The headlines will tell you the ASX was up 8.27 per cent over the year or 13.7 per cent including dividends. But the more interesting and tantalising statistic is that last financial year the top-20 performing stocks in the ASX 200 averaged a rise of 109 per cent while the bottom 20 stocks averaged a fall of 22 per cent.

We all focus on what "the market" does, but the individual stock performances tell you the index is, for the average stockpicker running a self-managed super fund, pretty much irrelevant, because picking the right 20 stocks would have doubled your money and avoiding the wrong 20 stocks would have saved you 22 per cent. And the individual stock basis in the ASX 200 performances ranged from a 235 per cent gain to a 38.5 per cent loss (Telstra). There is more than enough opportunity in the top 200 stocks to keep us heartily entertained, let alone in the top 500 stocks in the All Ordinaries or in all 2274 listed Australian stocks, and the market itself is a media talking point, not an investment reality.

So, what will be the 20 best and worst stocks in the coming 12 months? I’ll tell you. The stocks that do something unexpected.

Over any period, the stocks that move are not those that do what was expected but those that do the unexpected, the stocks that surprise. For instance, if BHP hits its consensus forecasts the share price won’t move. Share prices move on new information and, by definition, unexpected information, not on expectations being hit or on forecasts being fulfilled. To move the share price, forecasts have to be beaten or missed, because there is no money to be made out of consensus forecasts that are in the share prices already. The holy grail for the investor is to correctly identify inaccuracies. You have to guess what the market has wrong, because that’s where the money is.

So, what will be the 20 best and worst stocks in the coming 12 months? I’ll tell you. The stocks that do something unexpected.

So ask yourself: “What does everyone expect?” And having answered that, ask yourself: “What are they going to get wrong?" There are a number of ways to answer that and it is unlikely come from hitting the books. Inspiration requires imagination and you are better to grab a bottle of wine, shut your eyes, loosen your brain and imagine the unimagined, because that’s what creates the best and worst performance. Surprise.

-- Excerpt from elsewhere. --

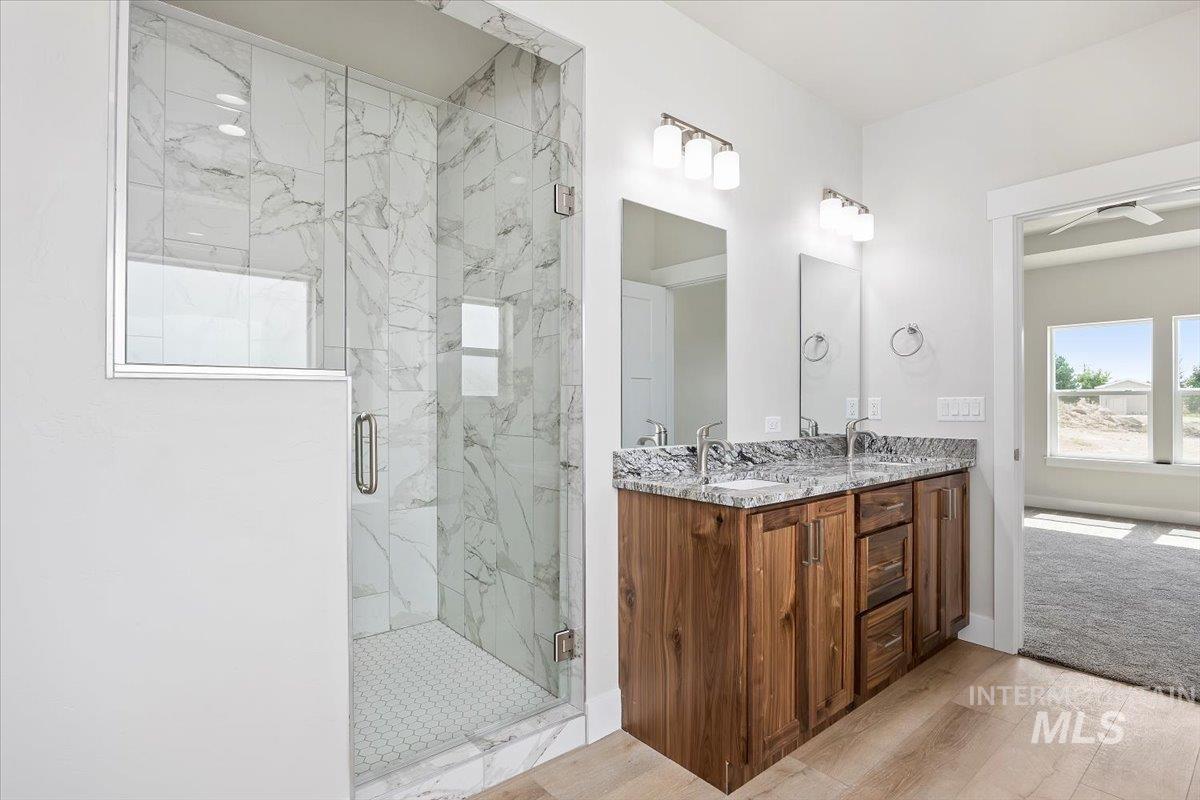 Bathroom with a marble finish shower, double vanity, and light wood-type flooring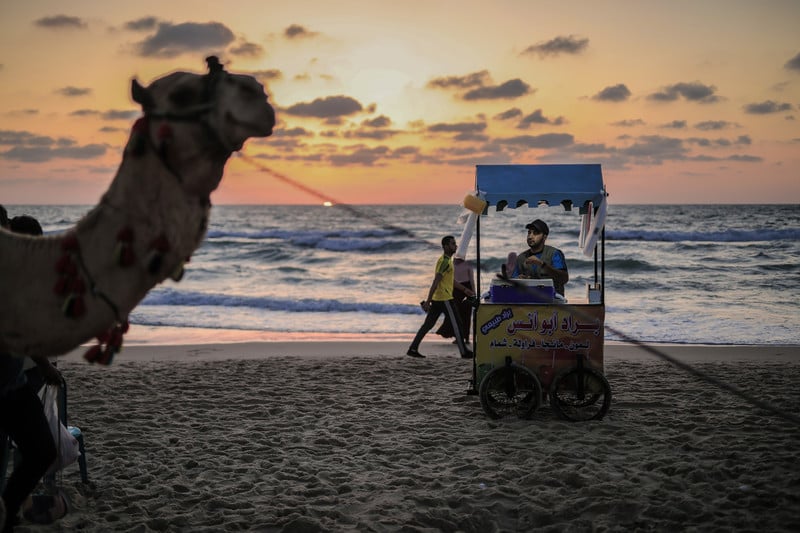 The sun sets over the sea behind a vendor on Gaza beach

One way to identify surprises is to look for stocks that are in a sentiment hole or a sentiment bubble because, wherever there are strong, popularised opinions, there will be a big opportunity when the sentiment changes.

Stocks in a sentiment hole at the moment include banks, financial services, AMP in particular, and Telstra. The royal commission on financial services has created some potentially great opportunities. Some quality fund managers such as Perpetual, Magellan Financial Group and Platinum Asset Management are also significantly off their highs and waiting for a sentiment turn. When it happens they will provide quality income investments at the right price. And stocks in a sentiment bubble include resources in general, oil stocks, internationally exposed Australian stocks and a number of mid-cap “popular” stocks that are clearly overvalued but still trending up. Run with the bulls, but understand it won’t last forever.

Identify stocks where something is being taken for granted and watch for change. Don’t predict change, just watch for it. To do that you have to retain an independent, open mind, to think like the man in the moon and be prepared to do the opposite of everyone else on the planet.

Let the games begin! The challenge of identifying the next year's champions and rogues has started once again.